> [PROBLEM REQUIREMENTS]:
Taking only the lines of the data below from the line with "Easywalker Harvey 2" to the line with "Compact Rechargeable SOS", ends included, write them out exactly and without pictures.

> [DATA FOR ANALYSIS]:
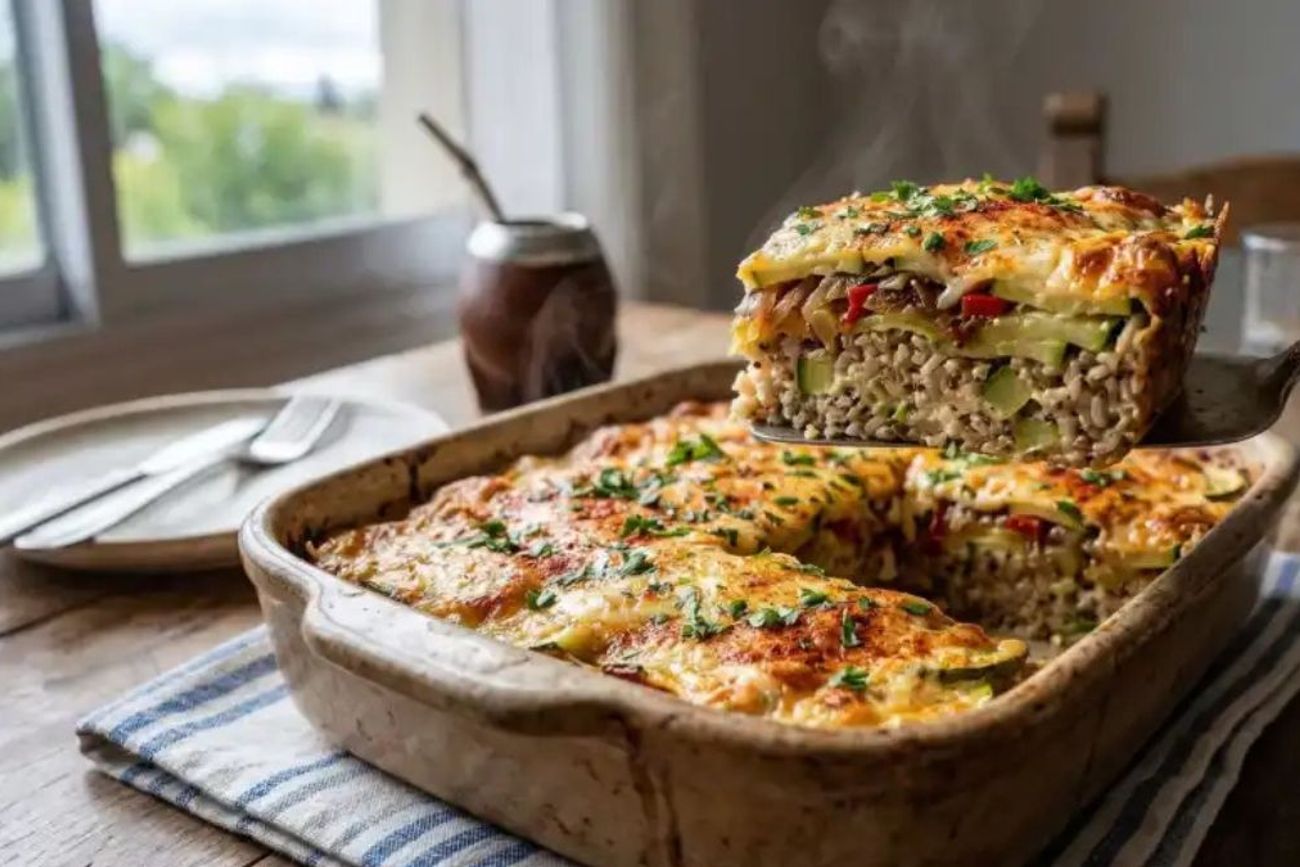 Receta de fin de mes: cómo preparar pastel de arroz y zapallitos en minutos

--

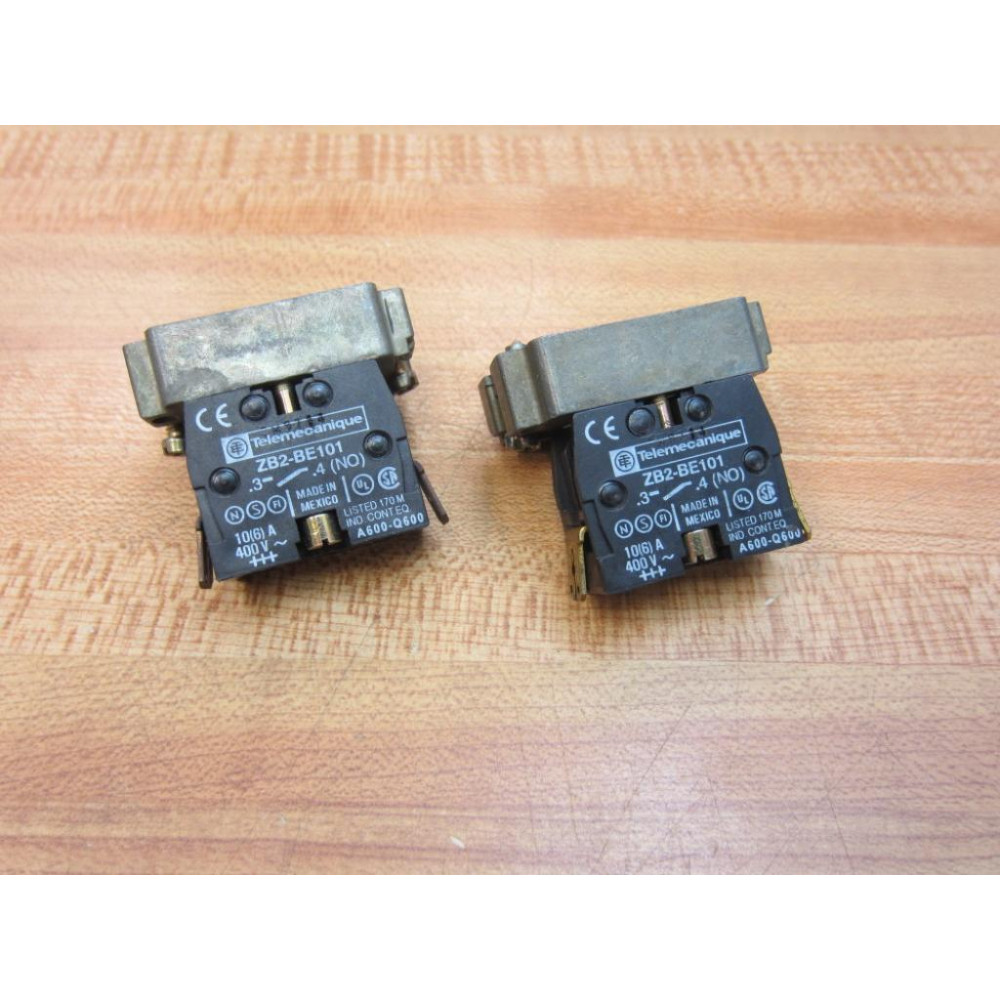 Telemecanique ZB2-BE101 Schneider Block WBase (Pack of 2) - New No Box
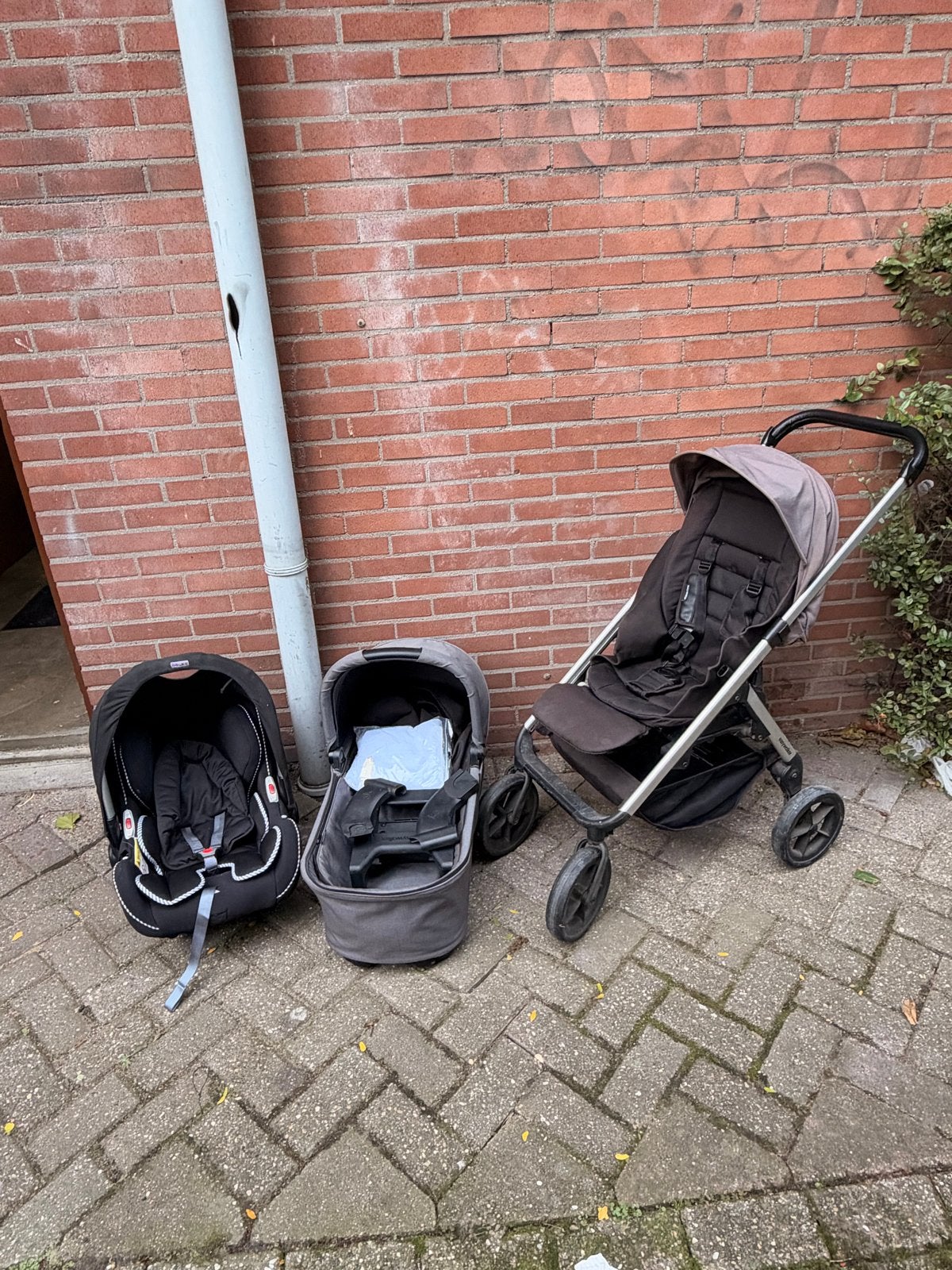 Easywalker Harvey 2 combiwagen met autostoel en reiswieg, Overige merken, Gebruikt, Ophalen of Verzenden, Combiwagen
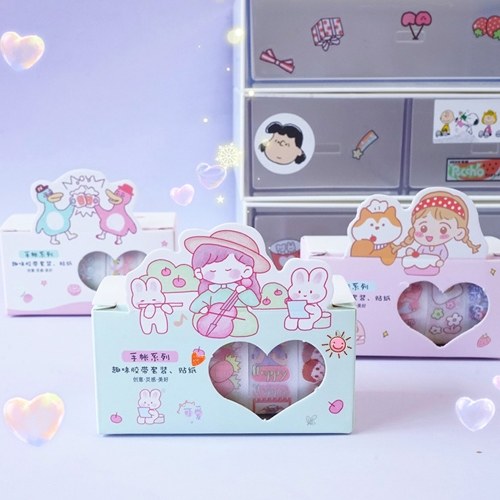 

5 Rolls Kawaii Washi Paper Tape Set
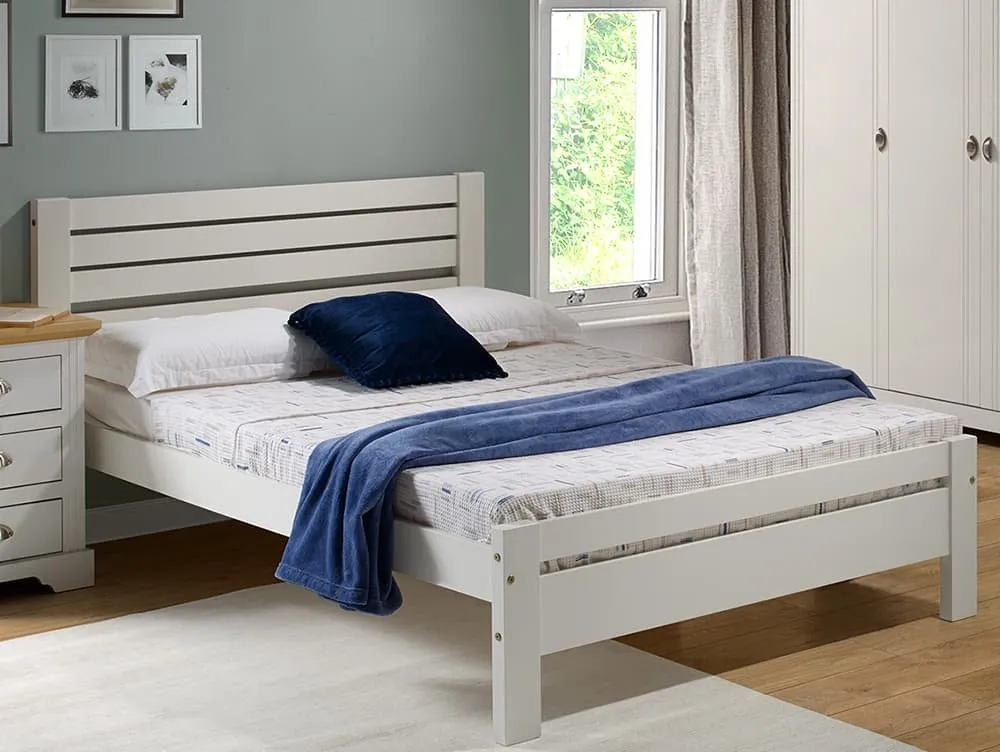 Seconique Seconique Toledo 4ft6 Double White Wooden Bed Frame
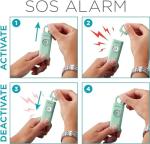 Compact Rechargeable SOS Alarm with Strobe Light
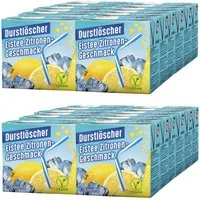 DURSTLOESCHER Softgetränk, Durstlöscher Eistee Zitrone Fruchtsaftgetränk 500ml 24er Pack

> [RESPONSE TO THIS TASK]:
 Easywalker Harvey 2 combiwagen met autostoel en reiswieg, Overige merken, Gebruikt, Ophalen of Verzenden, Combiwagen

5 Rolls Kawaii Washi Paper Tape Set
 Seconique Seconique Toledo 4ft6 Double White Wooden Bed Frame
 Compact Rechargeable SOS Alarm with Strobe Light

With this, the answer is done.